As you’re all aware, on April 1st 2012, more than 3 years of blogging at http://www.sublimeoblivion.com/ (S/O) came to an end. For the majority of that period – to be precise from May 13th, 2009, to March 31st, 2013 – I had an account with Google Analytics that provided me with very detailed states about the blog: Where visitors came from, how long they stayed for, what they shared on Facebook, etc.
On some occasions, the stats are exactly what one would expect. Other times, they are unexpected and fascinating. For instance, more people from India visited the blog than from Russia, one of its main subject matters. The Kremlin Stooge was my third biggest referral source of all time, even though he only came on the scene in July 2010 (thanks Mark!). Almost ONE THIRD of all-time visitors landed on a single post!
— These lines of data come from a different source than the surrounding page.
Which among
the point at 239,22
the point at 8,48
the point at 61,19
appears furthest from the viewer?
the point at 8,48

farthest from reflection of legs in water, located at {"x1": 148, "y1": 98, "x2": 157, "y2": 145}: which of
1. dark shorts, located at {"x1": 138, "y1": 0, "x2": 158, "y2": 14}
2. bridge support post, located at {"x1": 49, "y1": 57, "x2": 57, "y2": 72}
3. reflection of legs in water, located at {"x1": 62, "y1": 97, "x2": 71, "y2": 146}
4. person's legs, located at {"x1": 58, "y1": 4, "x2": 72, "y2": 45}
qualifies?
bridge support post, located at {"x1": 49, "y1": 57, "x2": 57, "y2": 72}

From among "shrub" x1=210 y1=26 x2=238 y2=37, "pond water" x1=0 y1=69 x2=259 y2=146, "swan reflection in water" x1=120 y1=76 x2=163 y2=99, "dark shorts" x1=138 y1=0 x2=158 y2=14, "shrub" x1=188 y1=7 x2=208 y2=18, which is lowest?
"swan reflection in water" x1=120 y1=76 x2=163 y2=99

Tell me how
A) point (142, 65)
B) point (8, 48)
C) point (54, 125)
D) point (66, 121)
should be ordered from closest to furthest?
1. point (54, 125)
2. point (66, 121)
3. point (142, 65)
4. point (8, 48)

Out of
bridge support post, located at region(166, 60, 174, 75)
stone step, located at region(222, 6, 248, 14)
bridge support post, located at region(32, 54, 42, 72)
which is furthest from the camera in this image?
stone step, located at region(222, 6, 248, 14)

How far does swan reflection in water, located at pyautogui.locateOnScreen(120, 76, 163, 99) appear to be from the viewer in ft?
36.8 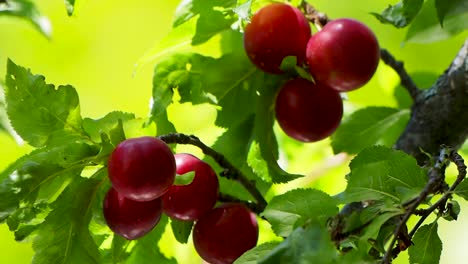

As I’m going to lose this data as soon as I find a new use for the old domain, I decided to save it all and lay out the interesting bits in this post. I hope I’m not the only one who will find this “meta-blogging” interesting.
Visitors, Visits, Views
From May 13th, 2009, to March 31st, 2013, there were a total of 760,581 visits to my blog. (As I recount in the Blog History, the all-time figure would be about 35,200 higher, as before that date I blogged at http://darussophile.blogspot.com/ from January 2008. The total number of visits to all my blogs before the April 1st transition to WordPress.com is therefore about 800,000). The graph below shows the dynamics. You can click on it to get a higher resolution, as with most of the graphs here.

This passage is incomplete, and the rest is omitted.